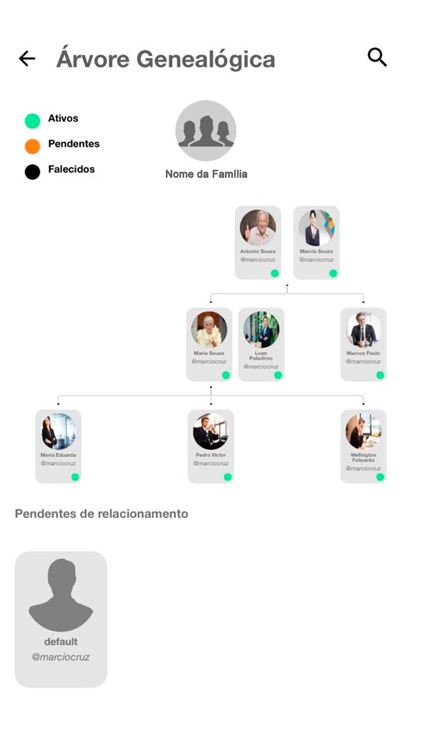 Follow Family screenshot-4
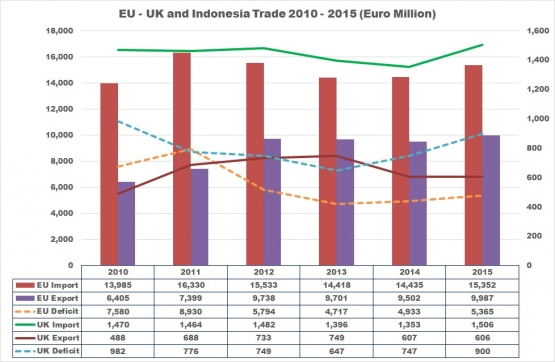 EU and UK Trade with Indonesia - Prepared by Arnold M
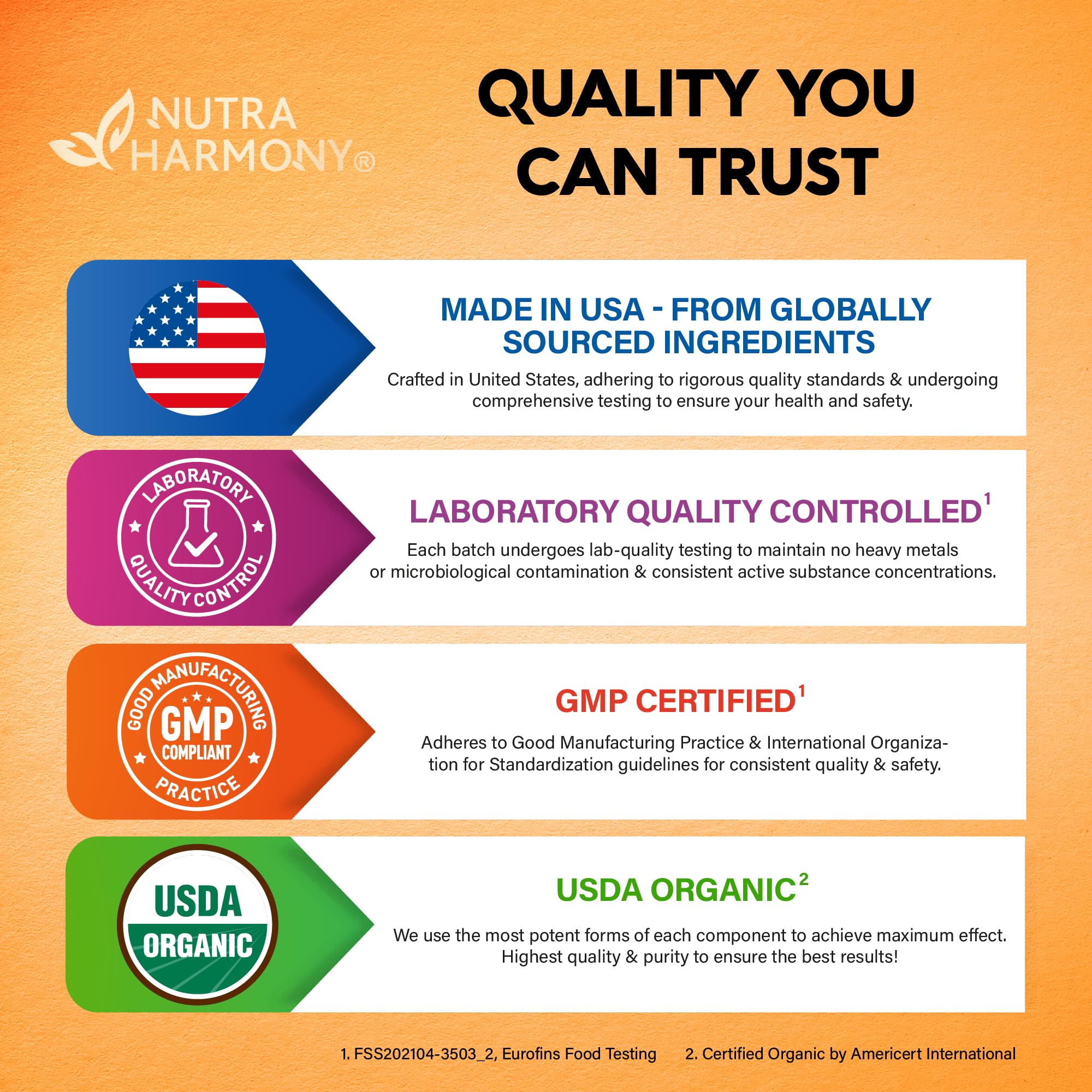 Made in USA GMP quality assurance image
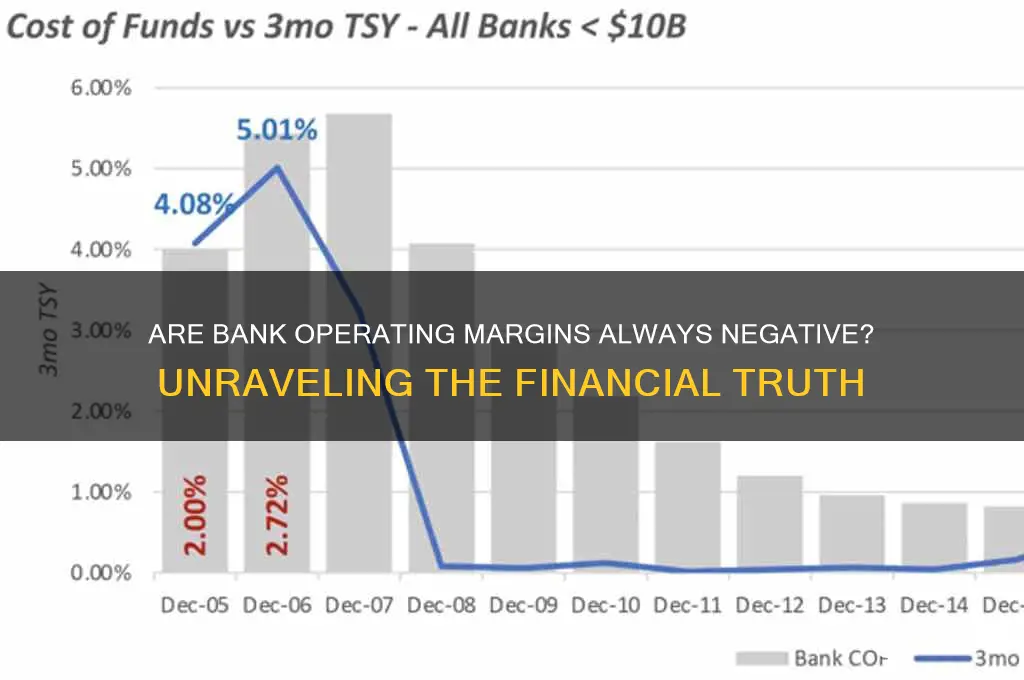 is operating margin of banks always negative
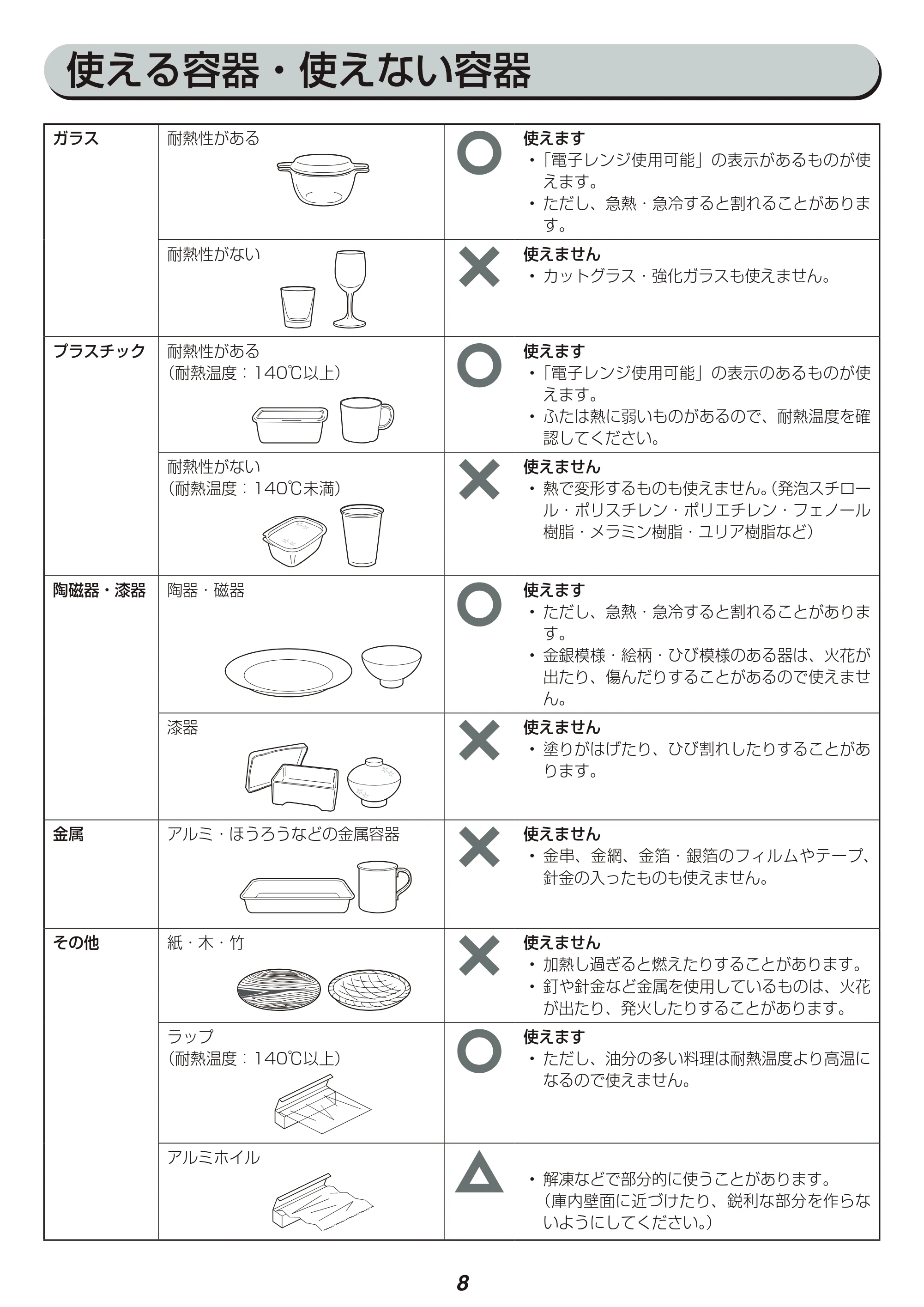 アイリスオーヤマ IMB-TY1 取扱説明書 — 原本ページ — 8ページ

--- Your task ---
Leave the pictures out and write out every entry exactly as given.

--- Task result ---
 Follow Family screenshot-4
 EU and UK Trade with Indonesia - Prepared by Arnold M
 Made in USA GMP quality assurance image
 is operating margin of banks always negative
 アイリスオーヤマ IMB-TY1 取扱説明書 — 原本ページ — 8ページ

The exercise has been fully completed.